# [Source data]
---

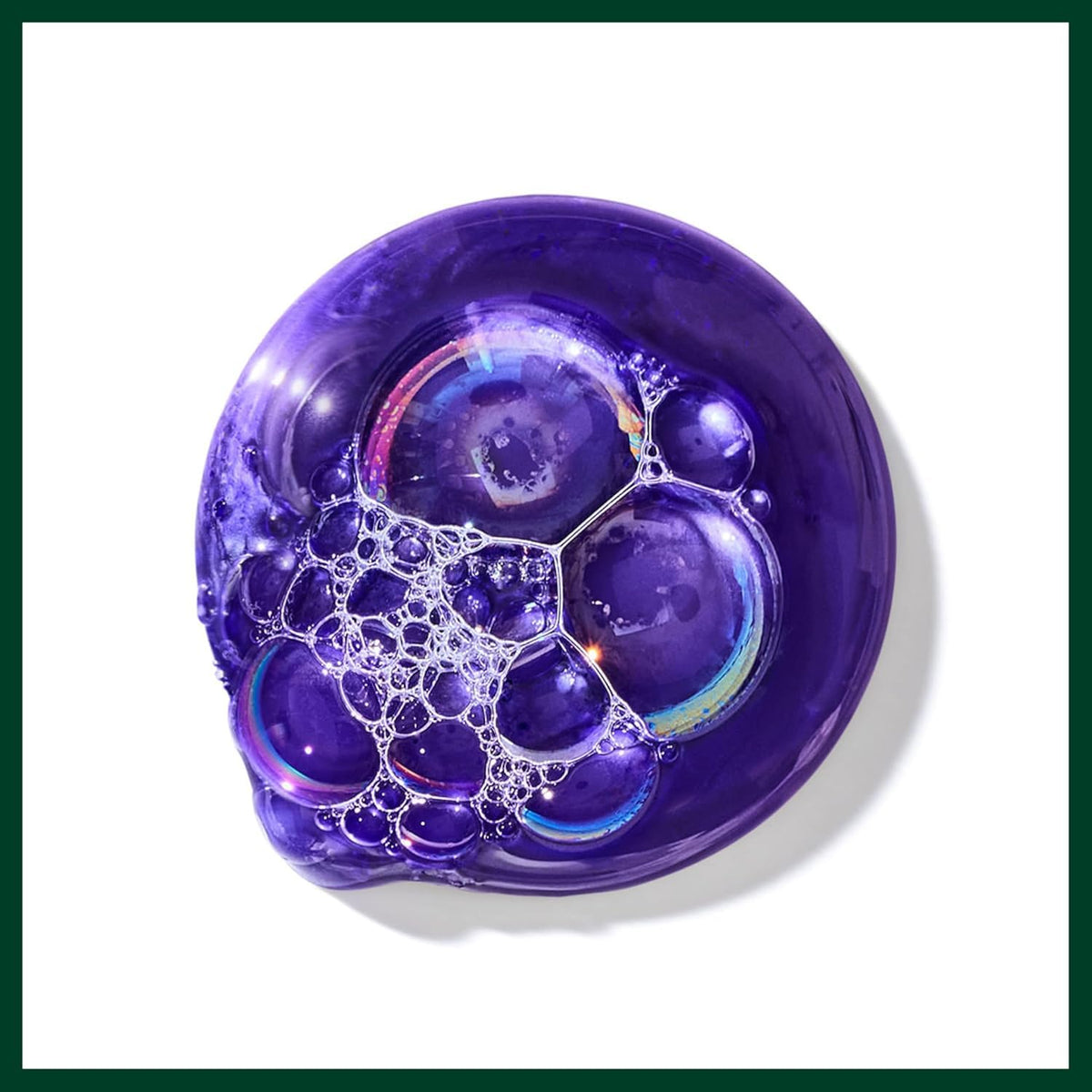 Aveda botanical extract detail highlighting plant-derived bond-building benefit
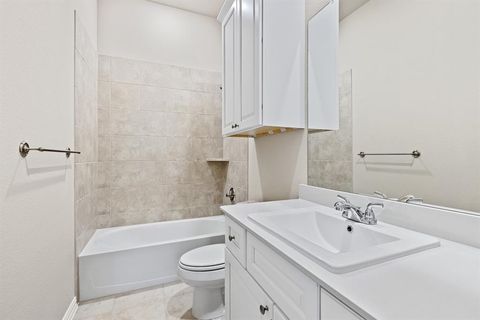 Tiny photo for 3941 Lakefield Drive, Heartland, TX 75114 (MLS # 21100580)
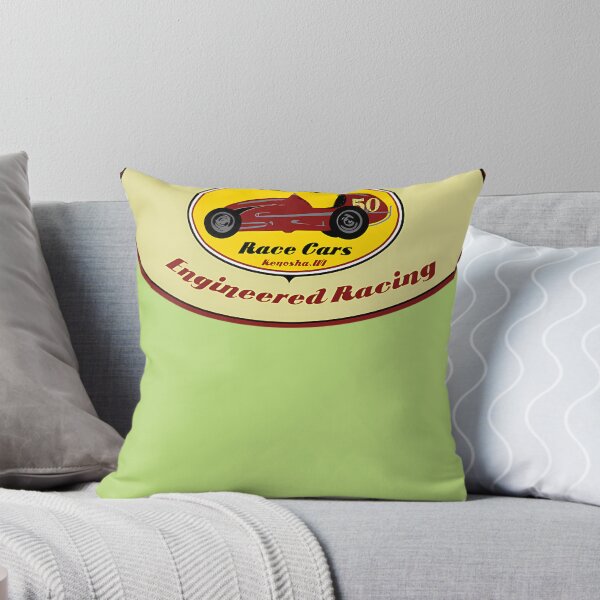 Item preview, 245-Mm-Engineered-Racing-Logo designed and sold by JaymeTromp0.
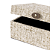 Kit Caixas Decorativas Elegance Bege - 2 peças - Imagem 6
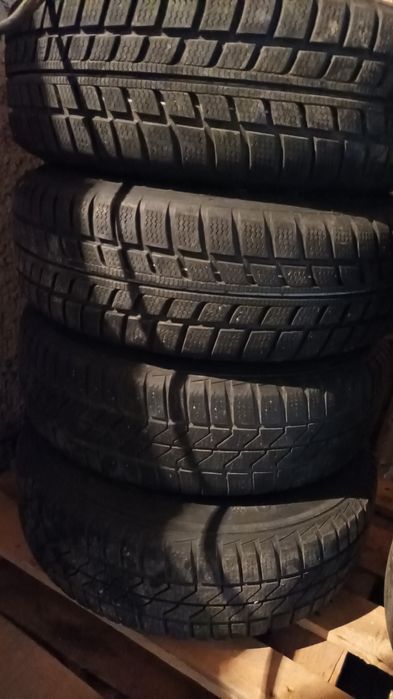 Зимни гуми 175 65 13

---

# [Task to complete]
All of the lines above should be copied exactly, apart from the pictures.

# [Task response]
 Aveda botanical extract detail highlighting plant-derived bond-building benefit
 Tiny photo for 3941 Lakefield Drive, Heartland, TX 75114 (MLS # 21100580)
 Item preview, 245-Mm-Engineered-Racing-Logo designed and sold by JaymeTromp0.
 Kit Caixas Decorativas Elegance Bege - 2 peças - Imagem 6
 Зимни гуми 175 65 13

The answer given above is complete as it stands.